Calvin:Right, and so what you're describing includes the need to have some specific basic data points about what your funnel looks like. Right, you have some way to track leads and, even before that, some kind of engagement that may turn into a lead which could then convert into a sales opportunity, which could then convert into a sales opportunity, which could then convert into an actual customer, right, and so you've got to have a way to measure and report on the different stages of the process, right? So advice on kind of an effective but not too expensive way to get kind of a basic funnel reporting in place.

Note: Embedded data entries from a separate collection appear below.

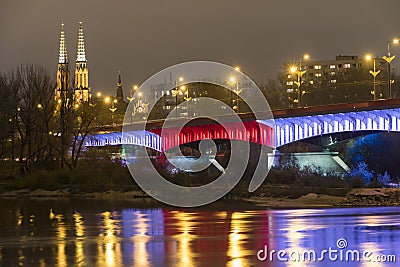Modern illuminated bridge in Warsaw - capital of Poland. Stock Photo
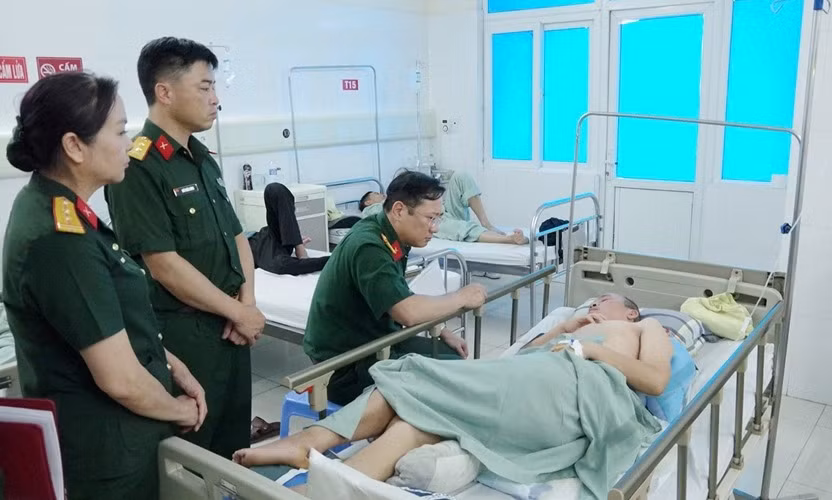 Thượng tá Nguyễn Văn Việt, Phó chính ủy Bộ CHQS tỉnh, trao kinh phí hỗ trợ Trung tá Phạm Thanh Quyết đang điều trị bệnh hiểm nghèo tại Bệnh viện Bãi Cháy. Ảnh: Văn Đảm (CTV)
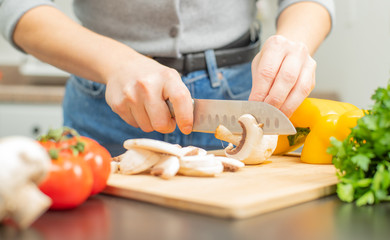 Woman is cutting mushroom on kitchen table.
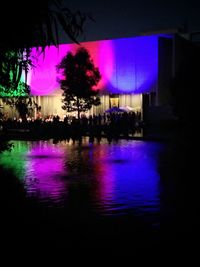 View of illuminated building with trees in background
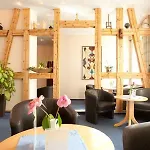 호텔 Komfort Am Kurpark 4*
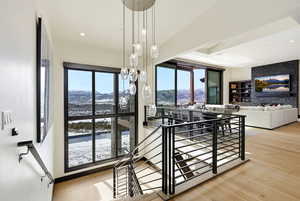 Stairway featuring recessed lighting and wood-type flooring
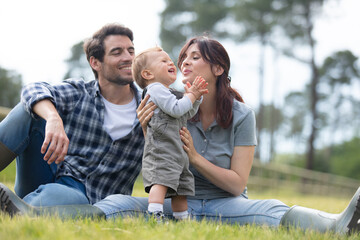 happy young family spending time together outside in green nature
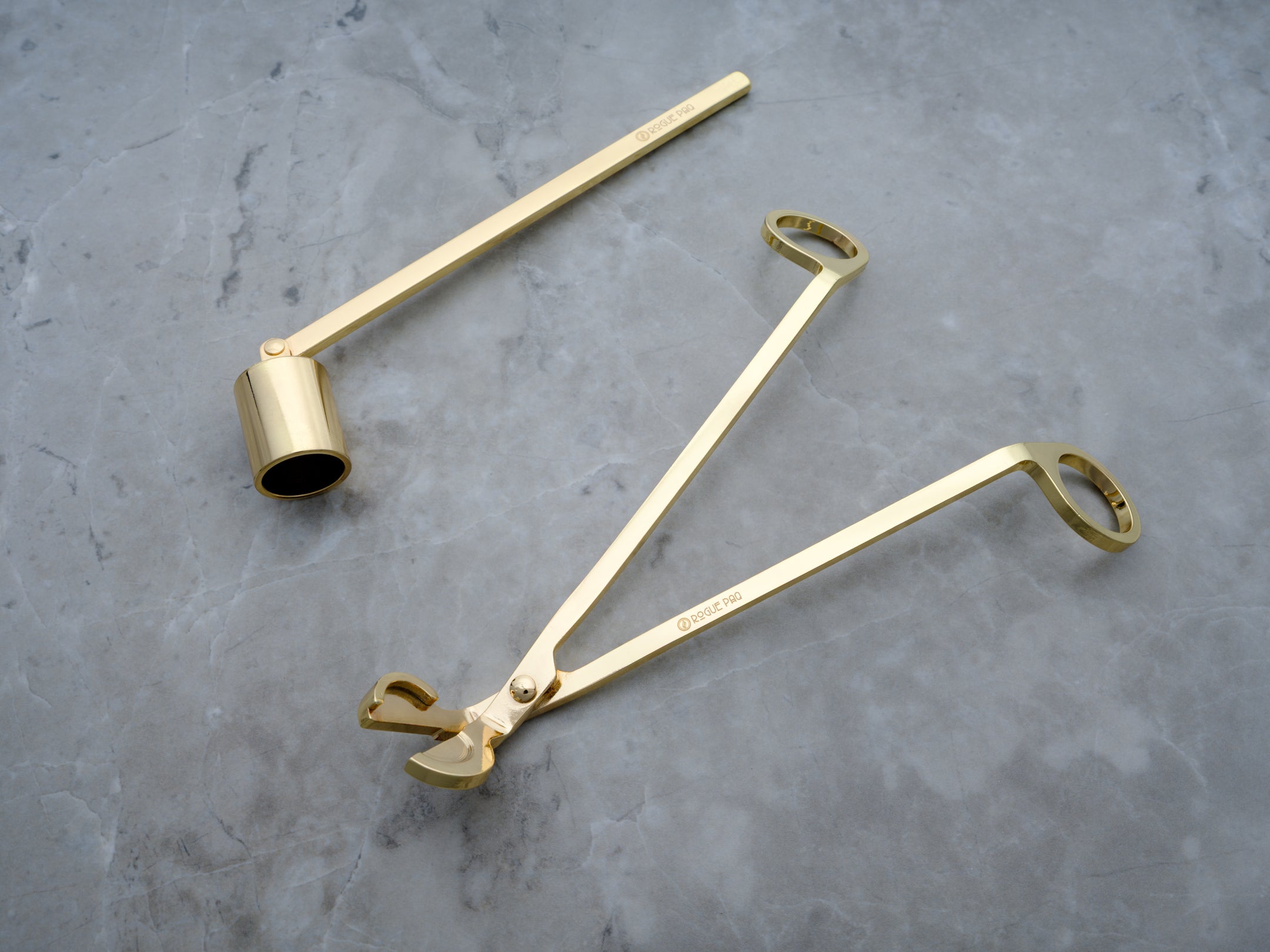 A luxury two-piece candle care set in a high-polish gold finish. The set includes a wick trimmer amd a candle snuffer with a pivoting head all featuring sleek, ergonomic handles and a minimalist, luxury aesthetic. Perfect as a hostess gift.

Rebecca:Yeah, basic funnel reporting, I think. For the small business option. I do think that HubSpot's a good. They've got great startup pricing. I think they're a great solution for people just getting into the space. I think, as you grow a bit larger, I prefer Salesforce from a CRM perspective, but you certainly could be doing this in Excel. It's going to be a lot more onerous and it obviously will depend on the scale that you're operating your business at, but you do need just some data that you can look back at and analyze. This is also something that if you, as a founder or CEO, come to the table and do not have this skill set, just don't know how would I set this up. It's a great place to bring in a fractional resource to say, okay, let's just set you up with table stakes and maybe we'll have a short-term engagement for this, and then, when you grow to a certain point, we could reevaluate. I think that goes to the relations, the variety of different relationships that you could have with a fractional chief marketing officer.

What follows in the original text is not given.